Assignment 2: Practicing Python and Accessing Data

Due: 2020-09-20

Objective & Evaluation

This assignment is an opportunity to earn level 1 or 2 achievements in python, process and access and begin working toward level 1 in summarize.

Accept the assignment on GitHub Classroom. It contains a notebook with some template structure (and will set you up for grading). The template will also convert notebooks that are added to markdown, which makes reading on GitHub for easier grading. If you want to incorporate feedback you receive back into a notebook file, Jupytext can do that.

To work with this notebook you can either:

  • download the repository as .zip from the green code button, unzip, and re-upload, OR

  • clone the repository with git and the push your changes.

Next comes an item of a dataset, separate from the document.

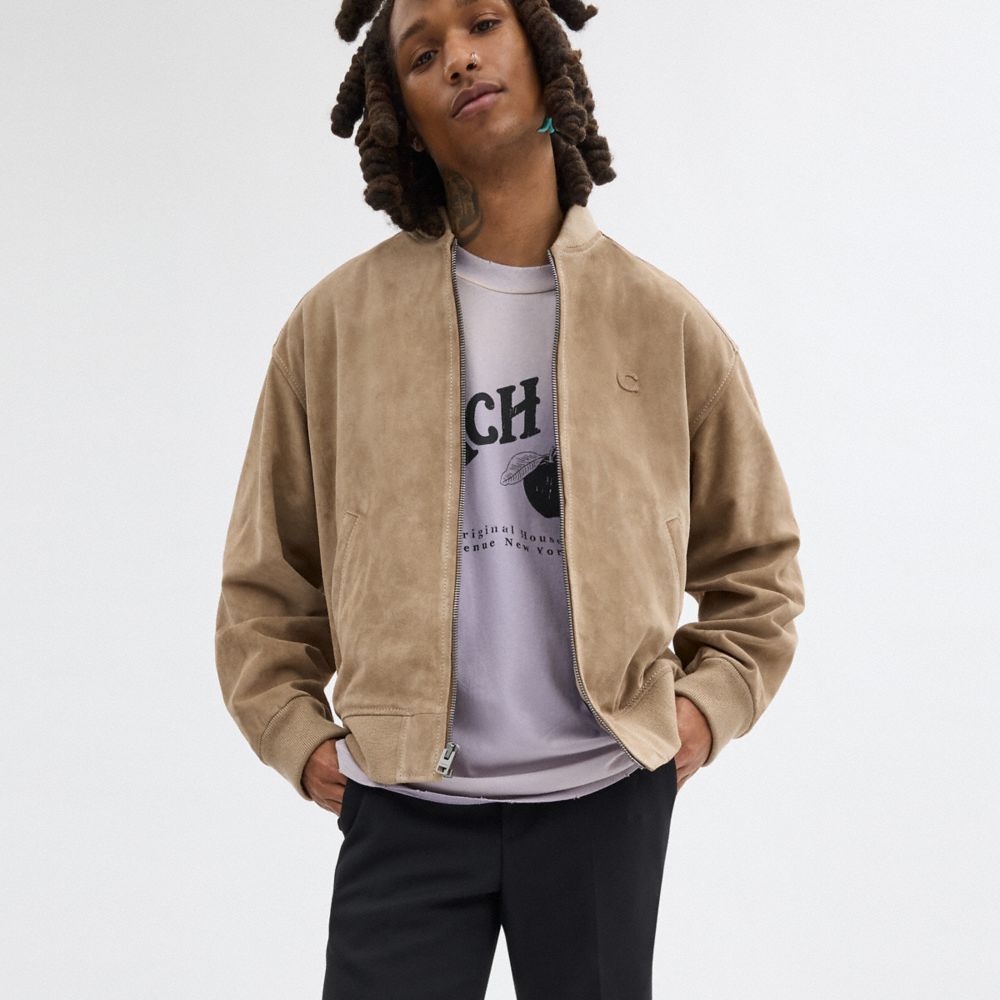 Coach Lightweight Suede Jacket Bege | COH866870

See Git/GitHub help on cloning, committing, and pushing, for example this tutorial on git to learn more about git.

Accessing Data with Python and pandas

(for python and access)

Find 3 datasets of interest to you that are provided in different file formats. Choose datasets that are not too big, so that they do not take more than a few second to load. At least one dataset, must have non numerical (eg string or boolean) data in at least 1 column. Complete a dictionary for each with the url, a name, and what function should be used to load the data into a pandas.DataFrame.

Use a list of those dictionaries to iterate over the datasets and build a table that describes them, with the following columns ['name','source','num_rows', 'num_columns','source_file_name']. The source column should be the url where you loaded the data from or the source if you downloaded it from a website first The source_file_name should be the part of the url after the last /, you should extract this programmatically. Display that summary table as a dataframe and save it as a csv, named dataset_summary.csv.

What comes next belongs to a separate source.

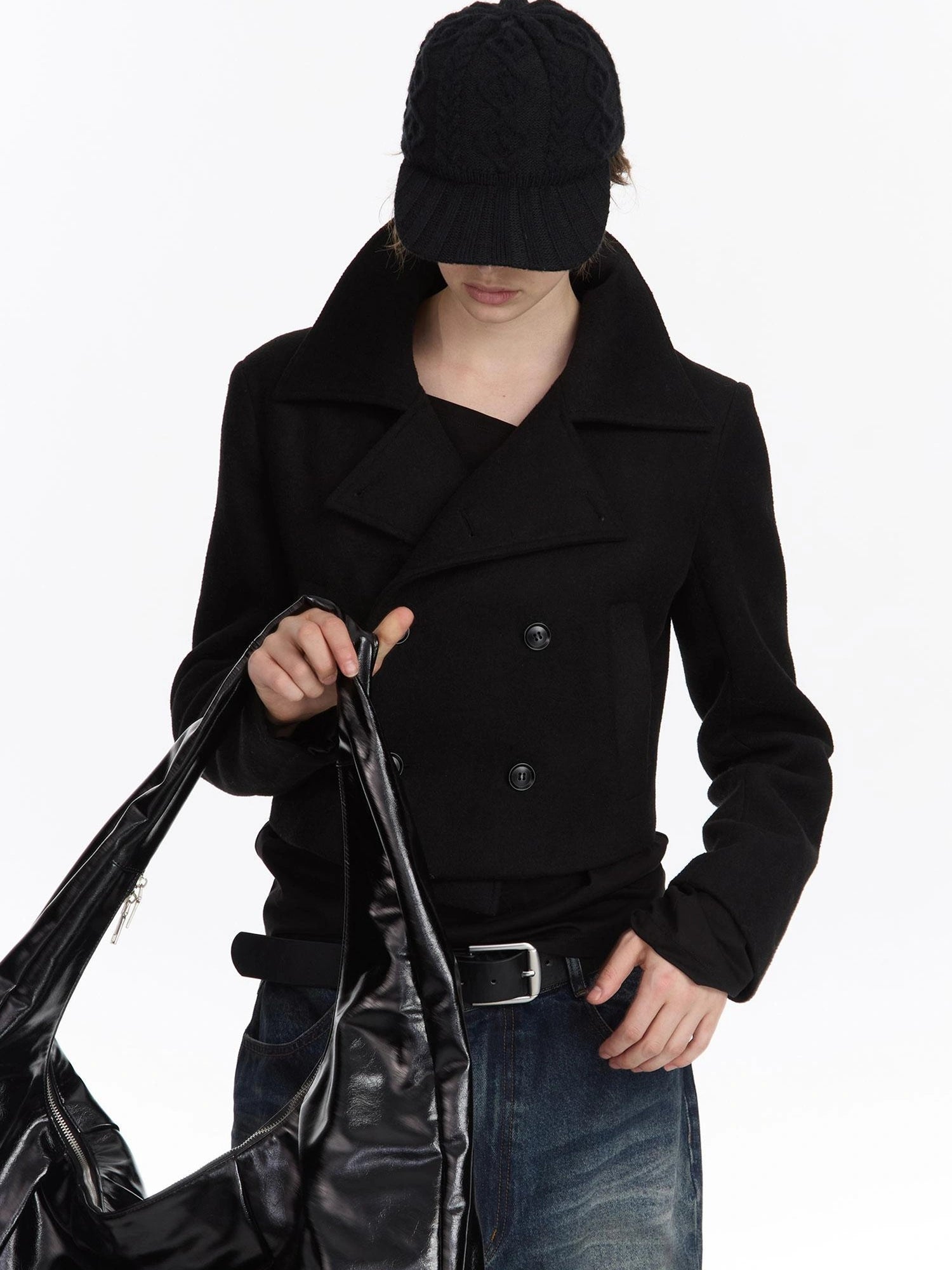 LYUOCHENG Double Breasted Wool Blend Stand Collar Short Coat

For one dataset (must include nonnumerical data):

  • display the heading with the last seven rows

  • make and display a new data frame with only the non numerical columns

  • was the format that the data was provided in a good format? why or why not?

For a second dataset:

  • display the heading and the first three rows

  • display the datatype for each column

  • Are there any variables where pandas may have read in the data as a datatype that’s not what you expect (eg a numerical column mistaken for strings)?

For the third dataset:

  • display the first 5 even rows of the data for three columns of your choice

For any dataset:

  • try reading it in with the wrong read_ function. If you had done this by accident, how could you tell?

Data Science Process

(for the process skill)

Make a list of a data science pipeline and denote which types of programming might be helpful at each staged. Include this in a markdown cell in the same notebook with your analysis.

Tip

Remember that this will be graded based on the rubric and that it should reflect your understanding, not be simply copied from a source. Also, always cite your sources, informal linking is ok.

To make a link in markdown

[text to display](http://url.com/of/the/site/your/are/linking/)